Truth be told, what is now a hobby, was born out of a professional necessity. I was involved in a project and needed to validate an architecture design that contained a cluster of MariaDB SQL databases, and so I started to ask myself how to test this in a lab.

I thought about AWS but I was already using all of their freebies on other small personal projects and did not feel like increasing my monthly bill. I also thought about deploying a set of virtual machines in my own laptop using VirtualBox, and to be honest, for the test I wanted to do, it would have been perfectly fine; create three small machines, install MariaDB, configure the replica set and test the fail over. But then I thought that maybe I would want to keep a cluster of databases for my own personal use. For example, I thought, I could use it to keep track of my expenses in a more exciting fashion that an excel spreadsheet. So, I decided to get a couple of raspberries,connect them together and have a system where I could try things out and also host useful tools and bots for my own use.

At this point in time, I already had two raspberry pi 3 that I had used for some experiments, and decided to get two more, one to complete the SQL cluster and the second one to use as a jump server. These last two machines are raspberry pi 4, because I wanted to leverage the 4GB RAM, compared to 1GB RAM of the previous model.

I was not too concerned initially with cooling the chips to avoid overheating, but I really wanted to rack the four machines together to avoid a mess, and since the rack I bought came with four ventilators, I figured it would be much cooler (joke intended) to set it up with fans.

To connect them all together I used a five port switch. My idea initially was to use four of the five ports to connect the raspberries and the fifth one as an up link to my home router. This way, I could create a new network for my home raspberry pi data center, which is separate from the one I use to connect to the internet. Unfortunately, the router my ISP provided me cannot be configured and so this plan is on hold at the moment until I replace that router with a better one.

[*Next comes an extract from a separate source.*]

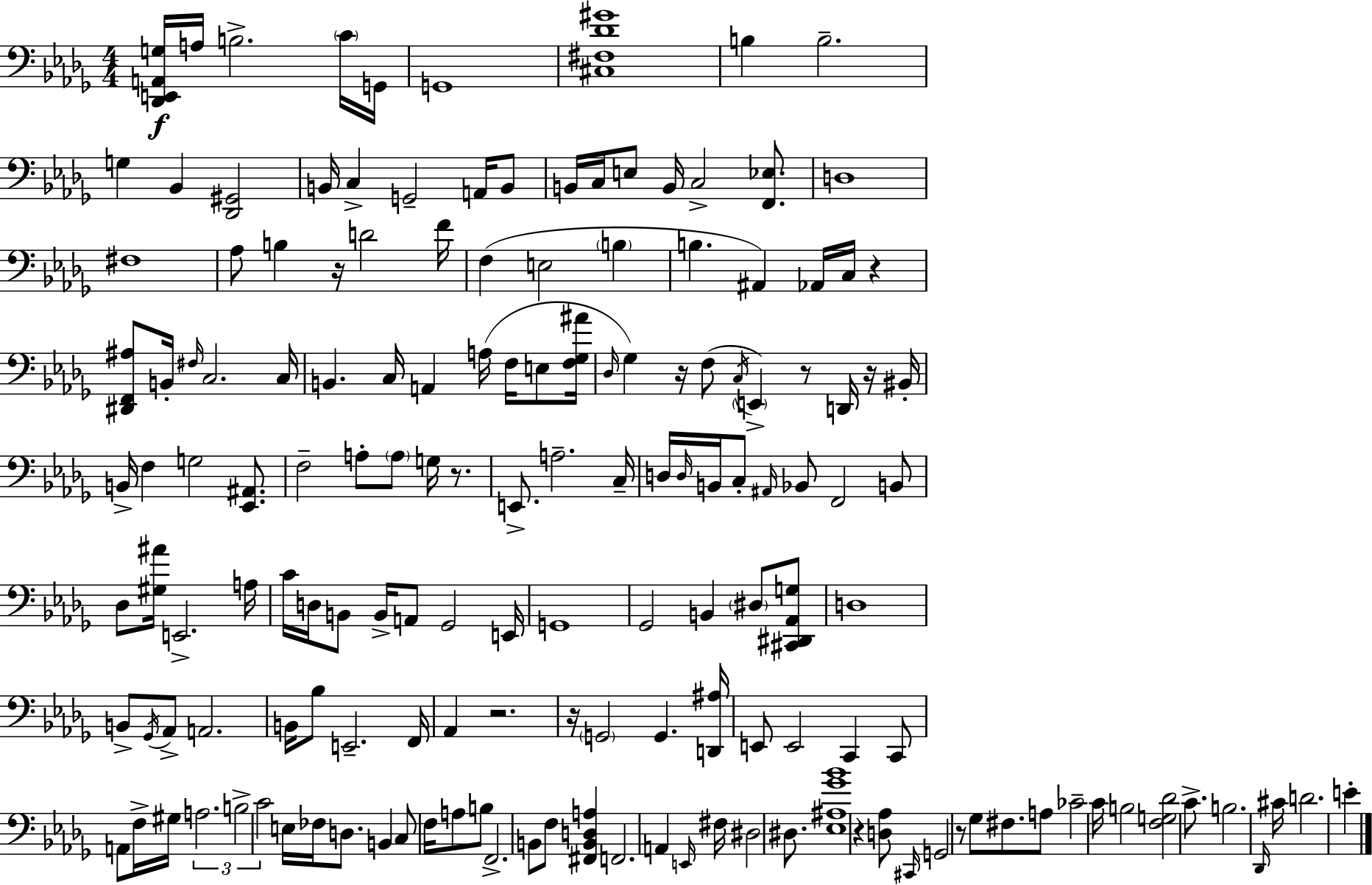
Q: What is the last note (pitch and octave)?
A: E4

Here is where I got a bit creative! I wanted to created a separate network for my raspberries to communicate between each other and I also wanted for the machines to be able to connect to the internet to fetch software packages from public mirrors. Consequently, the model 4 machines, I configured with two interfaces; one connected to the home WiFi network and the other to the Ethernet network that connected to the switch. The raspberries would then communicate across the Ethernet network and I could use the WiFi interface as a point of entry into the mini data center from my personal computer and also as a point of exit towards the internet for the raspberries.

Final Topology

The result ended up working quite nicely. I installed squid to act as an internet proxy in one of the machines, and I configured all of the raspberries model 3 without WiFi access to connect to the internet via the squid proxy. Additionally, I had one machine which I could use as a jump server to connect to it via VNC and control the whole setup. The main advantage I found in having one such jump server, is that you can install raspbian minimal in all machines and only install a GUI in the jump server, thus saving memory in all other machines.

Interface configuration on jump server
Ssh from jump server to proxy server
Squid proxy configuration to allow machines internet access
Configured proxy in machines without WiFi access
Ping to google does not work because it does not have direct internet access but http traffic is proxied via squid on machine 1.

Cool things that can be done on this setup

Aside from the limitation that this mini home data center will not be accessible on a public IP address, it can be used for all sort of cool home applications. Right now I’m running a SQL replica set to keep track of my expenses (developing a front end & back end for it too), running a minecraft server on it and a central jupyter-notebook server.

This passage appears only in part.